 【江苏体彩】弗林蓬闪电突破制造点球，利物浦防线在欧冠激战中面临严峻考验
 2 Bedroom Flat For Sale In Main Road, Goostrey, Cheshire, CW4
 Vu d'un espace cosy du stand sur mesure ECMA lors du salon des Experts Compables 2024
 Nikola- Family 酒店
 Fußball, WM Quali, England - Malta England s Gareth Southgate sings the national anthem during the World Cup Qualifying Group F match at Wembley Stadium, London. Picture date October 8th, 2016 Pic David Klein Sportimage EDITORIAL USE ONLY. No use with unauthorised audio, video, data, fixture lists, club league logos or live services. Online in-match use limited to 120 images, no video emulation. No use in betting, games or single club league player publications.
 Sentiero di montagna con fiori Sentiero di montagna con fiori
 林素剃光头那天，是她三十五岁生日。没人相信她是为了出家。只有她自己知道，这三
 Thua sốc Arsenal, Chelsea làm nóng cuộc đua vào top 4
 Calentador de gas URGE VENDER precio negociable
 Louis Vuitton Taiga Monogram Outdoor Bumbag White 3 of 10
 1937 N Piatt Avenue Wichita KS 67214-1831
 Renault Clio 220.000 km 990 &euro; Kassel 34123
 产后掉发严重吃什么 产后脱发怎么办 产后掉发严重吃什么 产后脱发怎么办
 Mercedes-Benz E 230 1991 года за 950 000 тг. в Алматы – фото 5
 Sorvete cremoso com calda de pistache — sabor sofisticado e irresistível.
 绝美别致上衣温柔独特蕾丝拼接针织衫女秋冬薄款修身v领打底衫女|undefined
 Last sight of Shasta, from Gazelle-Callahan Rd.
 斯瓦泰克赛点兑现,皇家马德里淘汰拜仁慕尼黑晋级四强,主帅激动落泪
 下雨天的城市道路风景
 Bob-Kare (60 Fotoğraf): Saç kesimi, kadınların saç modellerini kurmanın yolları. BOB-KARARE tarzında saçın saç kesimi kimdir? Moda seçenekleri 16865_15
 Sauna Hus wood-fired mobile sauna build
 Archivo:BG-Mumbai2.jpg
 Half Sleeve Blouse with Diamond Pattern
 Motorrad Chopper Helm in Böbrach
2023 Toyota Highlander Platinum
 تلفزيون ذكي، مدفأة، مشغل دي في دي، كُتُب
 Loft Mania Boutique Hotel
########################################
Copy all lines from the listing that contain "with".

• RESPONSE AREA
 Fußball, WM Quali, England - Malta England s Gareth Southgate sings the national anthem during the World Cup Qualifying Group F match at Wembley Stadium, London. Picture date October 8th, 2016 Pic David Klein Sportimage EDITORIAL USE ONLY. No use with unauthorised audio, video, data, fixture lists, club league logos or live services. Online in-match use limited to 120 images, no video emulation. No use in betting, games or single club league player publications.
 Half Sleeve Blouse with Diamond Pattern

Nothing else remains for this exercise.